The PSR’s garden project was recently the recipient of a $600 grant thanks to the North Carolina Cooperative Extension through the Steps to Health program. Monarch PSR Program Manager Vivian Williams, BA, QP, explains that Cheri Bennett, who teaches the My Plate nutrition classes that began at Richmond PSR in 2022, nominated the Monarch program for the grant. She was witness to the motivation and passion that staff and participants had for gardening.
The funds were used to purchase garden tools such as grub hoes, rakes, pitchforks, gardening gloves and weeding tools from a local retailer. “These quality tools will sustain us for many years to come,” shares an enthusiastic Amanda.
Amanda had proposed the Wellness Garden Program at Richmond PSR last year which resulted in a 10-foot by 25-foot garden that produced a large harvest of tomatoes, zucchini, squash and cucumbers among many other vegetables. She is grateful that her love for gardening that she shares with PSR attendees has prompted her to see many life skills bloom.
Amanda grew up gardening thanks to her grandparents, who lived through the Great Depression during the 1930s and instilled in her the importance of growing your own food. They taught their granddaughter sustainability, patience and teamwork that today she passes along to PSR attendees.

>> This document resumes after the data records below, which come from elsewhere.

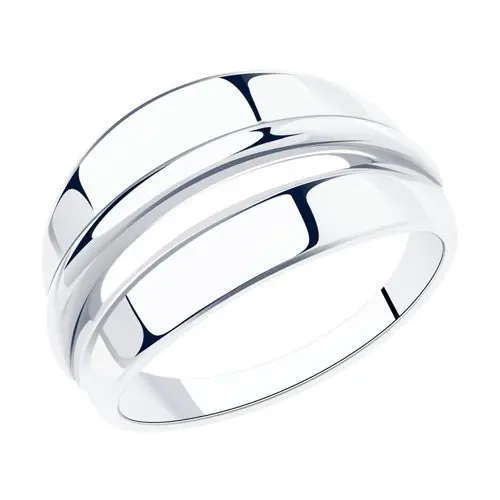 Кольцо декоративное из серебра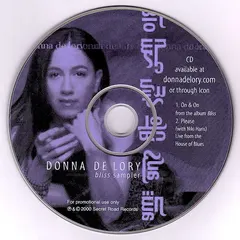 Donna de Lory – Bliss (CD, Promo)
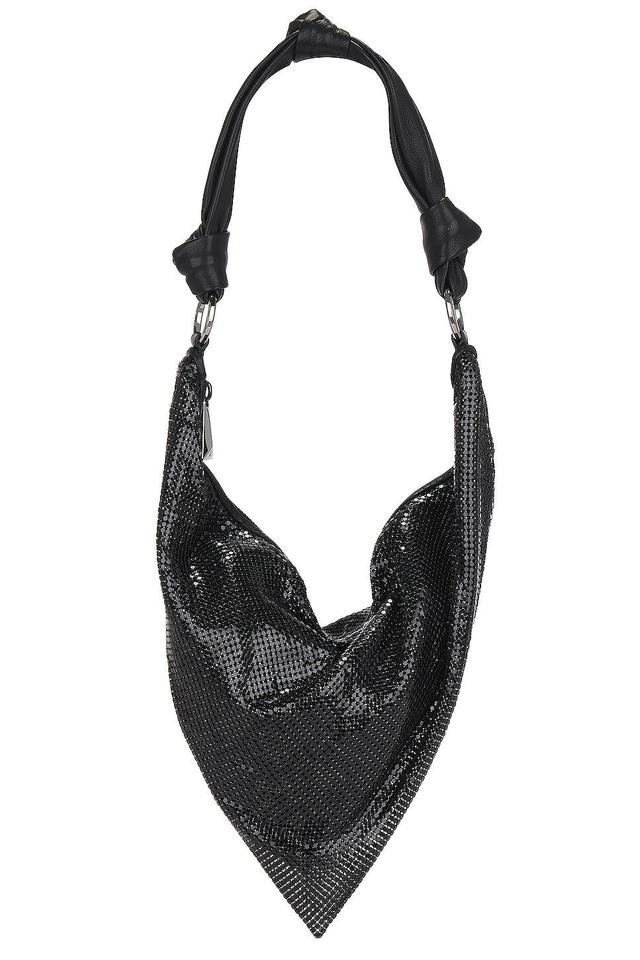 AMINA MUADDI Cameron Metal Mesh Bag Black.. Product Image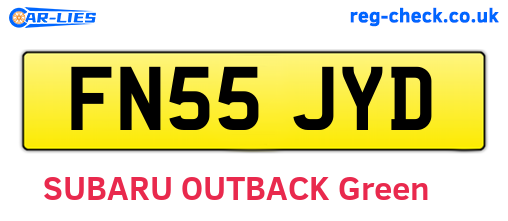 FN55JYD are the vehicle registration plates.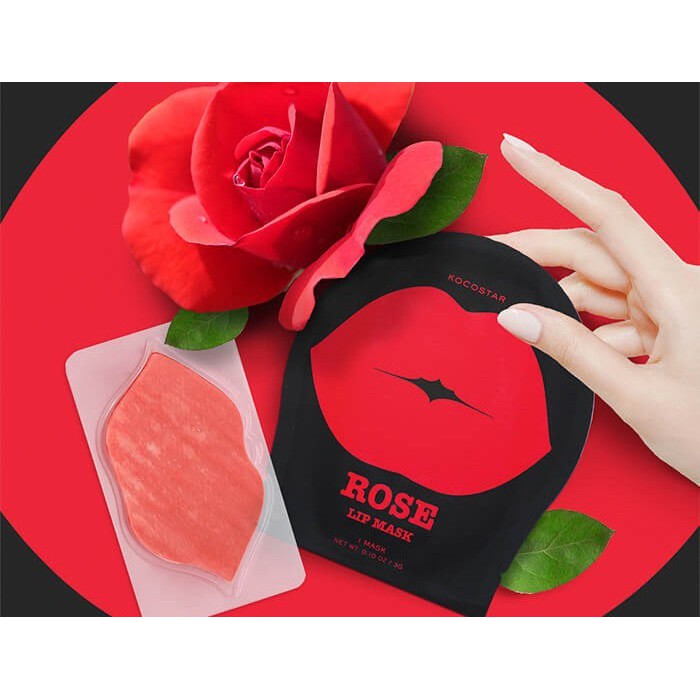 Mặt Nạ Môi Hàn Quốc Chiết Xuất Hoa Hồng Làm Mềm Môi KOCOSTAR ROSE LIP MASK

In her personal life, she uses gardening to cope with anxiety. “I will pass that along to others and pass along healthy coping skills. Different things work for different people,” she believes.
As a certified peer support specialist, Amanda uses her lived experience to support others at Richmond PSR and has been trained to support people who struggle with mental health, psychological trauma or substance use. Over 30 people participate in the Richmond PSR program and Vivian calls Amanda their “cheerleader and motivator.”
Planting a garden and harvesting vegetables is just one positive of the project, Amanda notes: “We are learning about seeds and reading seed packets. We are learning about heirloom plants and understanding the timeline of harvesting.”
Last year, a person supported through the PSR watched okra that he planted as tiny seedlings grow to over eight feet tall. Amanda said the transformation in this person was life changing. “He would come in every day and comment on how his plants were growing and watched them with pride. He watched other people enjoy something that he grew and nurtured,” she recalls.
Last year’s harvest was a wonderful source of a variety of healthy foods for the PSRs weekly Wednesday lunches that the staff and participants prepare and enjoy. Amanda and Vivian and the rest of the Richmond PSR staff are looking forward to this year’s harvest being used in the same way with the vegetables serving as key ingredients in meals.
Amanda affirms that anyone thinking about a garden should know that it doesn’t have to be a large, tilled area of soil. “You can grow a garden in an empty milk jug. Be creative and add to the environment around you,” she suggests.
Other Richmond PSR staff who participate in the garden project include: Chrystal Weatherly and Reginald Porter, behavioral specialists, and Monarch volunteers, Craig Cavanaugh, Bob Weatherly and Francine Brower.